Especially when starting out in data science, initial efforts are often required, such as setting up a data warehouse or data lake, before the value-adding implementation of data science use cases can begin. In order to achieve faster ROI, use case implementation can be scaled with an external service provider, so that, for example, one use case is implemented internally and one or more can be implemented externally in parallel.

LOWER INVESTMENT RISK

In contrast to the make option, the buy approach involves a significantly lower capital commitment, as no major investment in personnel, tech stack and infrastructure is required.

External service providers are the ideal option, especially for getting started and making initial contact with data science. With the help of service providers, use cases can be quickly developed and certain structures can be set up.

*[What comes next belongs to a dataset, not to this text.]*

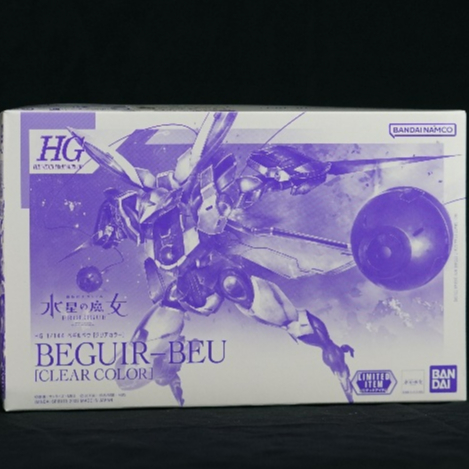 HG 1/144 Beguir-Beu [Clear Color] Limited Edition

By implementing projects that are often small and clear at the beginning, experience and trust can be built up and acceptance of the topic in your company can be created. Here you can find out how these projects are then mastered in the company:

Blog post about data science projects ➞

BUY DECISION: WHAT CHALLENGES ARE THERE TO CONSIDER?

The buy approach also poses certain challenges that should not be ignored. Specifically, the following two factors are decisive here:

CHOOSE THE RIGHT PARTNER

Choosing the right data science service provider is the biggest and most important decision and therefore a challenging task. A service provider or provider should not only have excellent data science skills, but ideally also have comprehensive industry and technical expertise. It is therefore advisable to ask for reference projects in order to find out who the service provider has worked with in the past, what specific challenges have been solved and what results have been achieved.

When purchasing external data science services, the following always applies: The better the service provider knows your company, your strategic goals, your internal processes, etc., the better the chances of success. A good service provider therefore takes time to exchange ideas and listens carefully in order to implement your wishes and ideas in the best possible way.

ONLY CONDITIONAL DEVELOPMENT OF COMPETENCIES

One disadvantage of the buy approach is that the company's own competencies are naturally less developed and therefore there is a certain dependence on external partners. However, it should be noted here that good service providers pay great attention to knowledge transfer and promote knowledge development through targeted support.

CONCLUSION

As with so many things, there is no generally valid answer to the make or buy question. The simple answer is: If data science plays a central role in corporate strategy and is part of the core business, then make is the way to go. In most cases, however, it is a question of implementing solutions that serve to improve internal business processes or support activities that are not part of the core business. In these cases, buying and using already proven products is usually the better option.

The long answer to the question is: The path to the right solution depends largely on your strategic goals, your requirements and your time and budget constraints. To determine the best option for your company, you should therefore consider the following factors, among others:

  • Your business problem to be solved
  • The analytical maturity level of your company
  • Your availability of employees with appropriate knowledge
  • The urgency of implementing the solution
  • Your available budget

And our final recommendation? It doesn't always have to be a make OR buy decision. Our experience has shown that the make AND buy approach often proves to be successful: This means building internal competencies that support daily needs and draw on external support for more complex data science projects.